- **Exercise instructions**
The task for the listing below is to write out exactly the lines starting at the one containing "Nautic Clean 12" and ending at the one containing "2022 HONDA CIVIC SPORT - 2HGFE2F53NH557337", both included. Pictures are to be omitted.

- **Records shown**
################

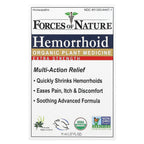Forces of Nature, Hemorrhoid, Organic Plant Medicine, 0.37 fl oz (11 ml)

################

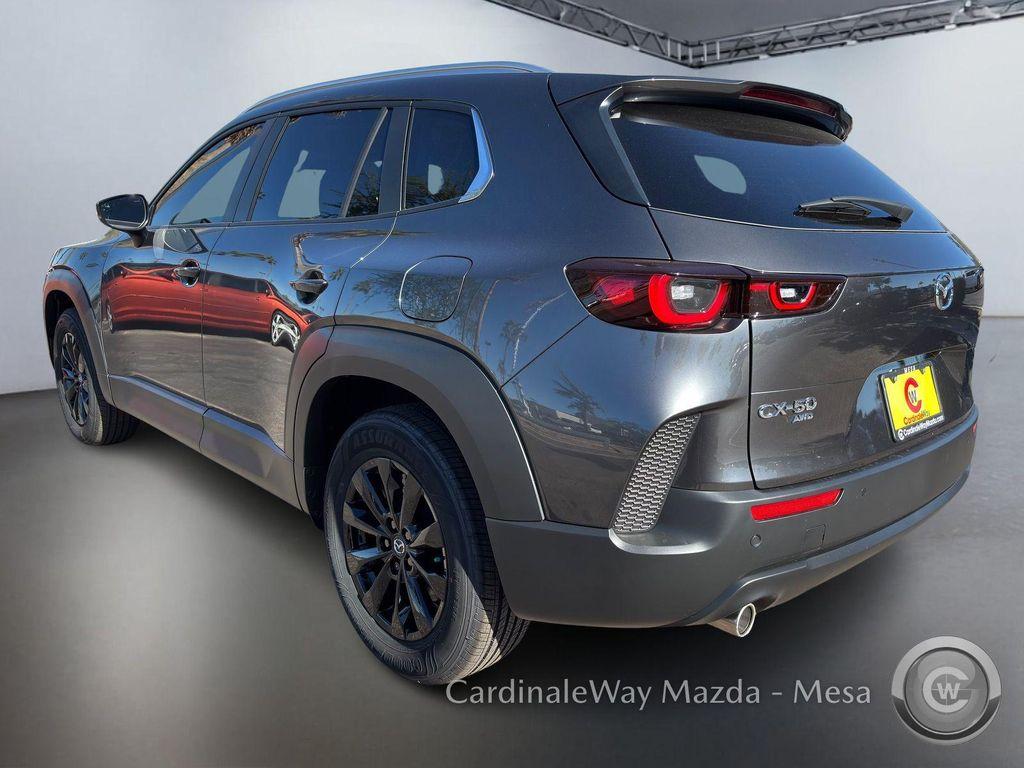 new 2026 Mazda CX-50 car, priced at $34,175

################

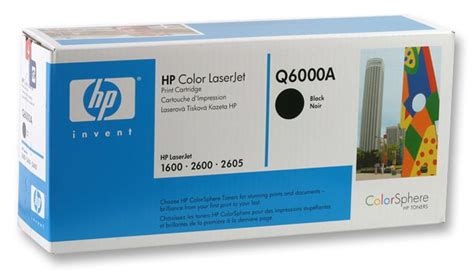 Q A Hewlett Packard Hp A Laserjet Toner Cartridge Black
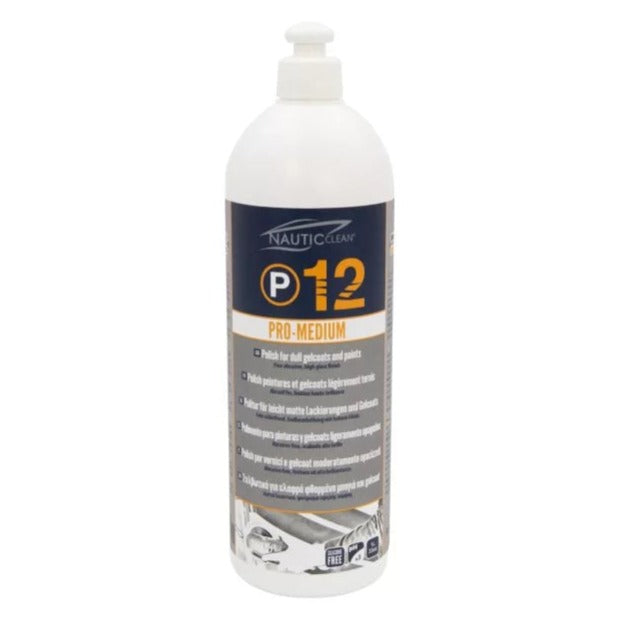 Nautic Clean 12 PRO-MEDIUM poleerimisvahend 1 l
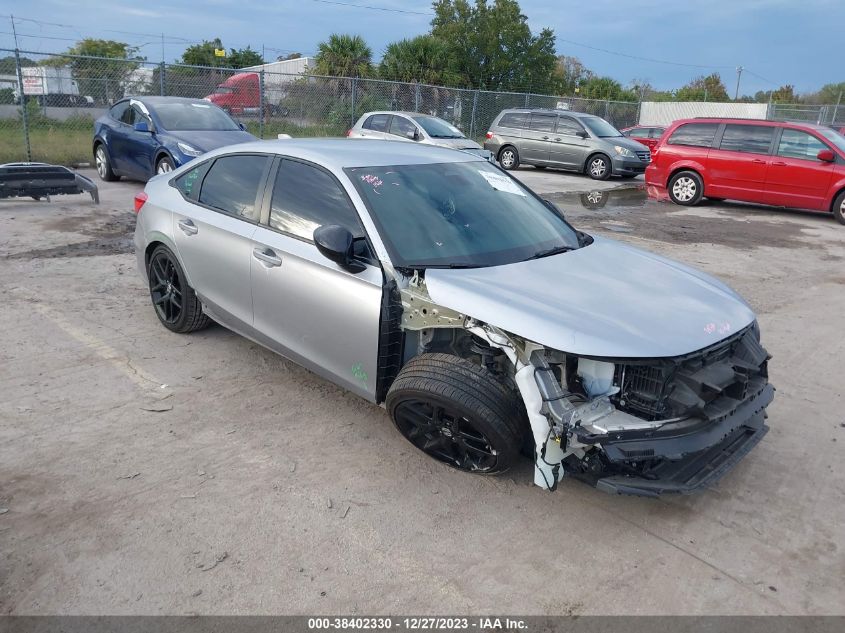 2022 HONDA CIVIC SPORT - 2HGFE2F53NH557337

################

- **Output**
 Nautic Clean 12 PRO-MEDIUM poleerimisvahend 1 l
 2022 HONDA CIVIC SPORT - 2HGFE2F53NH557337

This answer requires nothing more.